/---

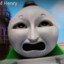 Henry the bomb train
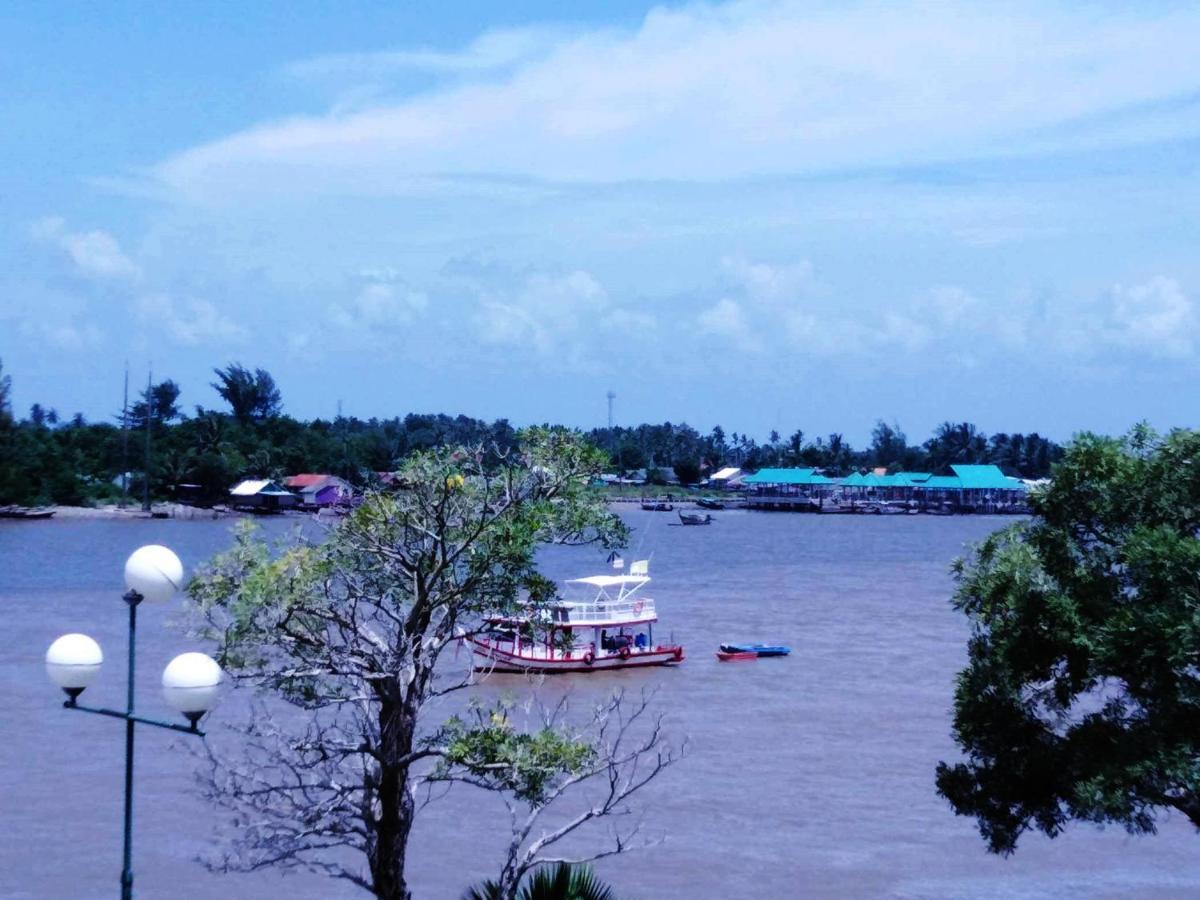 The Tara River Крабі Екстер'єр фото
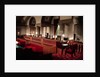 Supreme Court Without Occupants by Anonymous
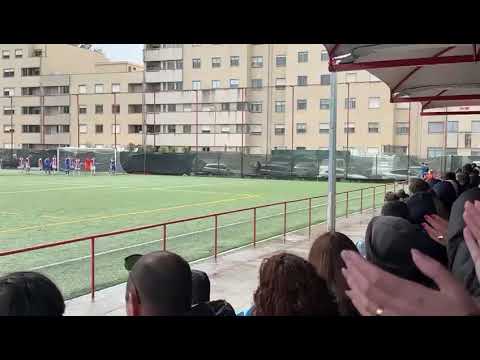 Golo de Bernardo Carvalho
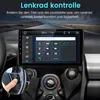 Junsun Autoradio für Toyota Aygo (2015) / Citroën C1 / Produktbild-Vorschau 8
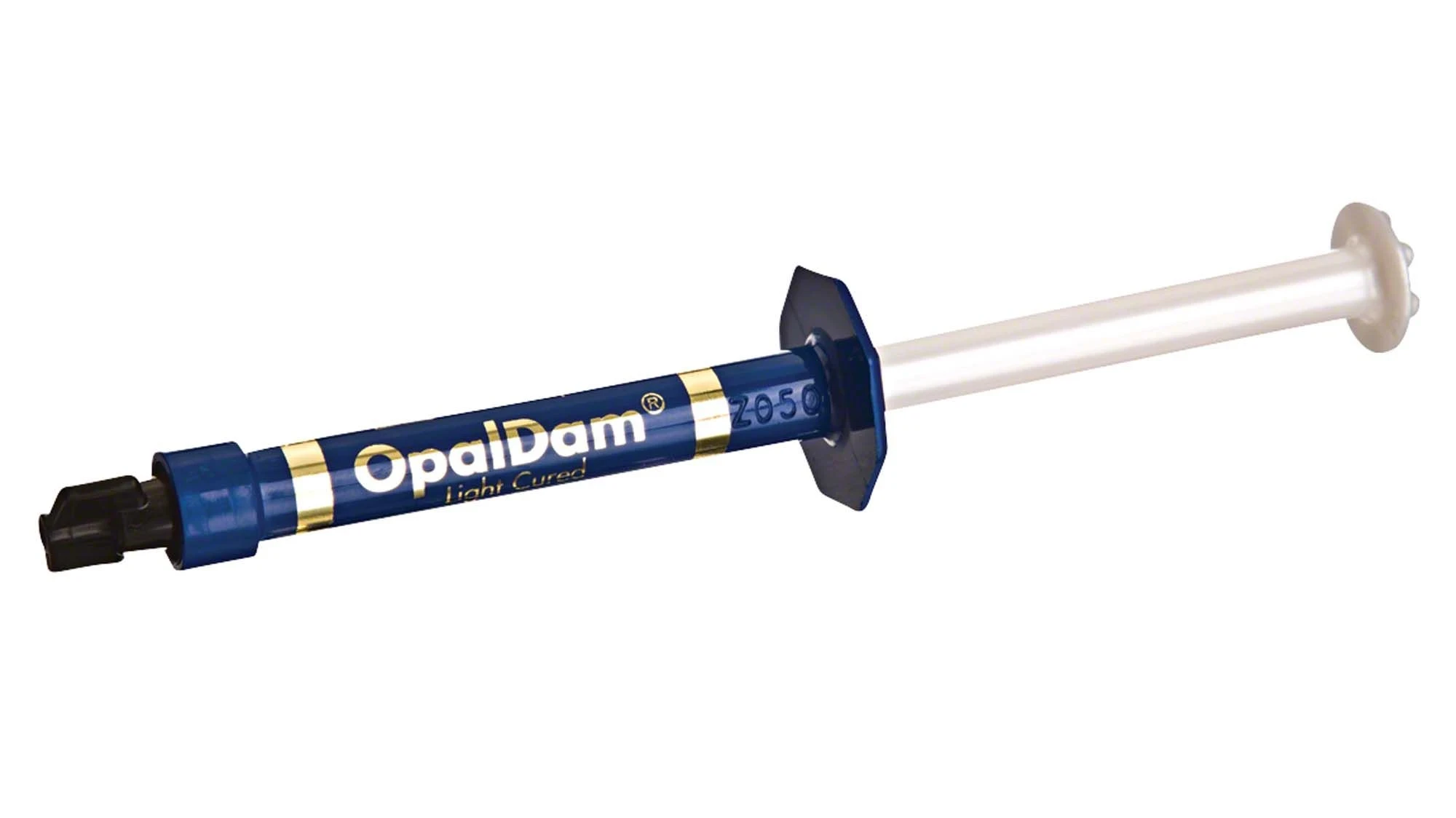 OpalDam, Abdeckungs-Kunststoff, lichthärtend, 4 Spritzen à 1,2 ml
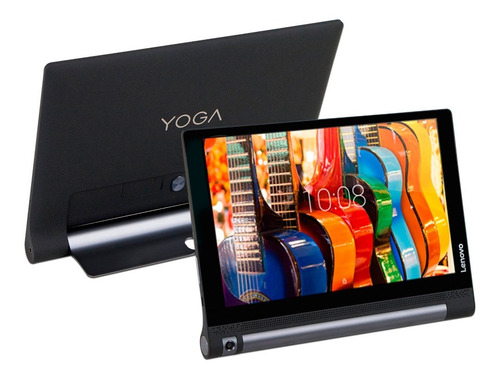Tablet Lenovo Yoga Tab3 10 Lcd Z8550 32gb 2gb Android Amv (Reacondicionado)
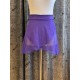 Short skirt Amethyst Juli Garden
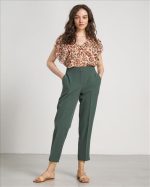 TROUSER ELASTIC WAIST - Image 8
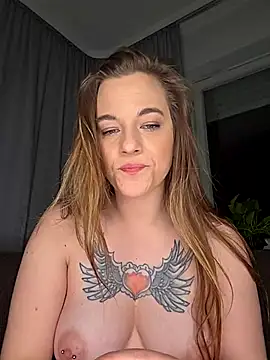 Luna Lynn online show from March 13, 11:22 pm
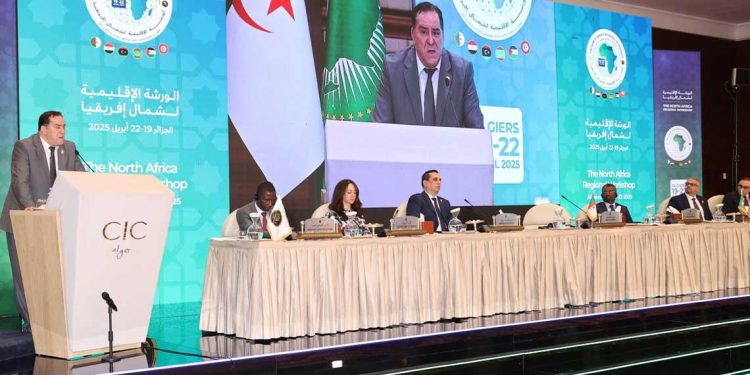 التضليل الإعلامي: تهديد أمني يستدعي استجابة قارية عاجلة في إفريقيا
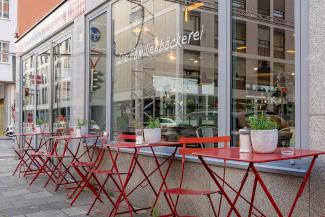 Amalienstr. 28, 80333 München, Bild 7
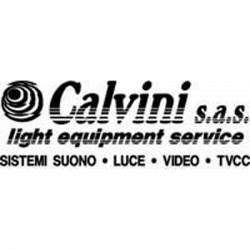 Calvini Litgh Equipment Service logo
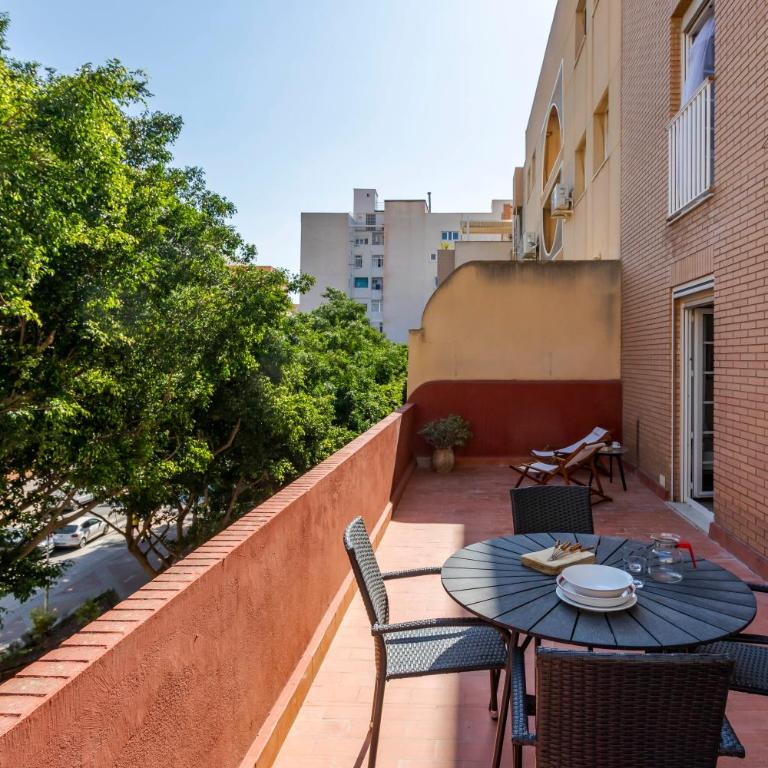 Dimora Buono - Apartamento de 3 dormitorios - 20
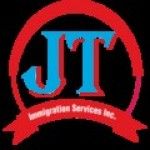 JT Immigration Services Inc, Surrey, logo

\---

Give back the data exactly. Skip any images.

 Henry the bomb train
 The Tara River Крабі Екстер'єр фото
 Supreme Court Without Occupants by Anonymous
 Golo de Bernardo Carvalho
 Junsun Autoradio für Toyota Aygo (2015) / Citroën C1 / Produktbild-Vorschau 8
 OpalDam, Abdeckungs-Kunststoff, lichthärtend, 4 Spritzen à 1,2 ml
Tablet Lenovo Yoga Tab3 10 Lcd Z8550 32gb 2gb Android Amv (Reacondicionado)
 Short skirt Amethyst Juli Garden
 TROUSER ELASTIC WAIST - Image 8
 Luna Lynn online show from March 13, 11:22 pm
 التضليل الإعلامي: تهديد أمني يستدعي استجابة قارية عاجلة في إفريقيا
 Amalienstr. 28, 80333 München, Bild 7
 Calvini Litgh Equipment Service logo
 Dimora Buono - Apartamento de 3 dormitorios - 20
 JT Immigration Services Inc, Surrey, logo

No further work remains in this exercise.